Aplacamento - reificação ad infinitum

Na falta, às vezes, qualquer coisa completa. O complemento é o preenchimento que aplaca. Fome e sede, sempre que são satisfeitas e saciadas estabelecem bem-estar, neutralizam desesperos e anseios. A continuidade destas vivências cria a busca e a espera. Estas demandas propiciam direção e objetivos, ou seja, em função de faltas são estabelecidos mapas, padrões e sistemas sinalizadores do que resulta bom, do que supera desvantagens e aplaca prejuízos.

Esta vivência binária, de ter ou não ter aplacadas as necessidades básicas, transforma as possibilidades relacionais humanas em constantes, em frequentes realizações de comportamentos endereçados ao objetivo de buscar satisfação, de evitar insatisfação, de evitar resultados frustradores, que não atendem ao pretendido como satisfação necessária à sobrevivência.

A repetição gera a manutenção do processo responsável pela substituição de possibilidade em necessidade. Tudo tem que ser preenchido e realizado, o ser humano torna-se máquina que verifica bitolas, que aplaina diferenças e aperta os parafusos necessários à sua própria sobrevivência. Voltado para si mesmo, aliena-se do outro e do mundo, perde suas possibilidades relacionais enquanto disponibilidade, vira um autômato.
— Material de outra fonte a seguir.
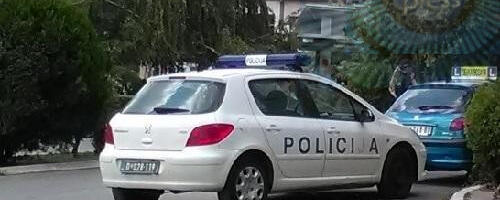 Težak udes kod Vladičinog Hana: Jedna osoba stradala, tri povređene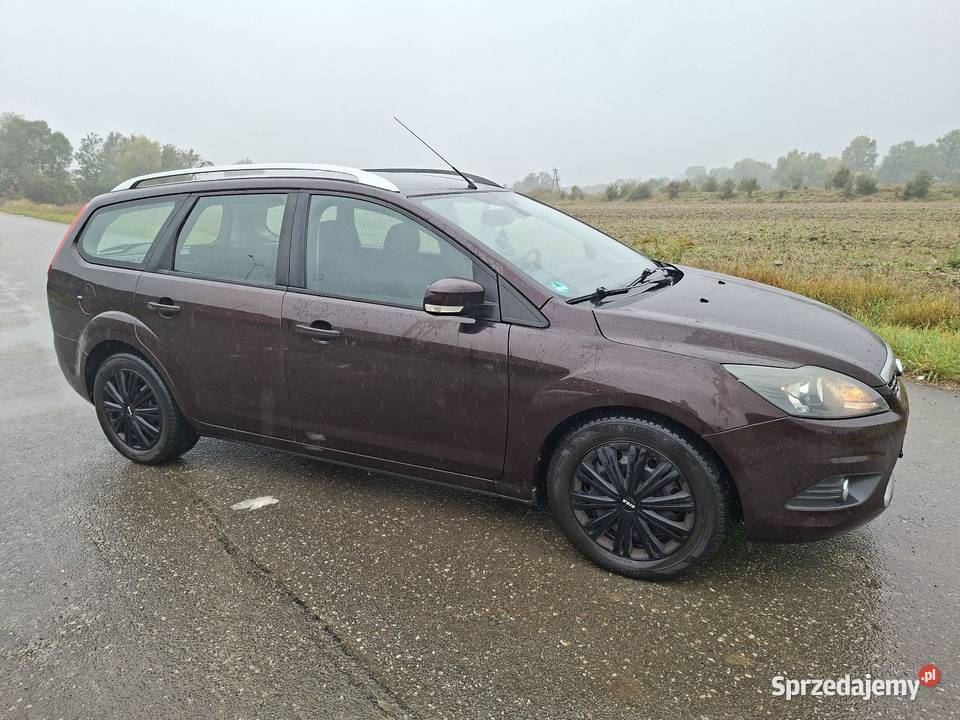 FORD FOCUS KOMBI LIFT 08R 18e klimapdcgrzane Rok produkcji 2008 Wrocław sprzedam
Regras, ajustes e normas lhe permitem manter sua coisificação e assim flutua direcionado a resultados: substituindo o ser pelo ter, aplaca suas necessidades de sobrevivência, vira uma coisa, objeto entre outros, apenas sedado por drogas, lícitas ou ilícitas, apoiado por sua comunidade, pela família que o ajuda e mantém, tanto quanto o suporta na exata medida da realização de suas necessidades, compromissos e obrigações. Neste horizonte de regras e compromissos não existe espontaneidade, não existe amor enquanto disponibilidade, não existe aceitação enquanto reconhecimento do que está diante, embora haja comprometimento, utilização ou dispensa do que se encontra.

Substituindo e aplacando, as contradições são sempre amortecidas, o humano é esvaziado, as ordens alienantes são mantidas: o caos, a desordem passam a imperar, exigindo novos aplacamentos e substituições - novas sedações.